Jackie Wullschlager tries to make sense of Ed Ruscha’s work in the Financial Times on the occasion of his retrospective at the Heyward Gallery in London:
Cinema – its flat, word-inscribed screens, receding spaces, glossy celluloid colour – is to Ruscha’s canvases what photographs were to Andy Warhol or cartoons to Roy Lichtenstein: mass media assimilated to inject everyday banality into the high art of painting.

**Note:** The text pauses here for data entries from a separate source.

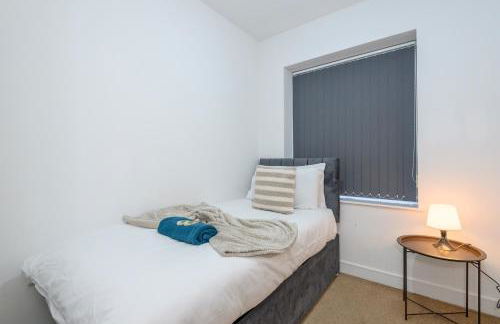 Morley’s Homely Retreat for Families Parking - Pass the Keys - Foto 16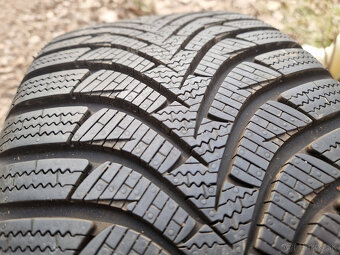 5x112 r17 kolesa disky octavia a3 golf leon 225 45 17 zimne - 7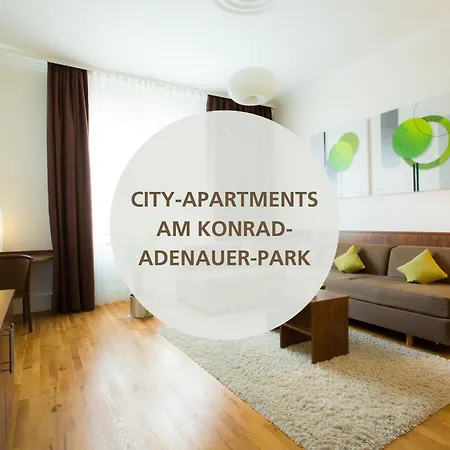 Hotel & Living Am Wartturm - & 3*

Thus American pop art was born, with Ruscha its tortoise, working slowly and steadily out of the international limelight through the 1950s and 60s, when Los Angeles was “deeply away from the rest of the world: an isolated location”. Top New York gallerist Leo Castelli gave him his first show in 1973 but, according to another dealer, “Ruscha was always at the bottom of Castelli’s stable – simply because he was working in LA.” […]
Ruscha calls himself “an abstract artist who deals with subject matter”. He rejected art school’s abstract expressionist training as academic by the late 1950s, and describes his “atomic bomb” moment as his encounter with Jasper Johns’ “Target with Four Faces”, which exploded the pieties around abstraction and collapsed its gap with figurative painting.
Ruscha’s own great subject was, from the start, words. “Boss” (1961), a highlight of the Hayward’s opening room, spells out the word in velvety black capitals, the “O” leaning pertly to the left, against an impastoed muddy rectangle enclosed between strips of darker brown. The rich surface acknowledges gestural abstraction, connotations of authority are an Oedipal nod to Johns, but the mix of letters, painterly beauty – Ruscha found the curving round word “almost beautiful like a tulip would be beautiful” – and droll pop allusion (Boss is a clothing brand) is fresh and original.
In loud colour, “Noise”, “Scream” and “OOF” – evoking the exclamation of someone being punched in the stomach – continued his experiments with single words as a painting’s subject. He saw early how language would be challenged by the ubiquitous image overload of modern life.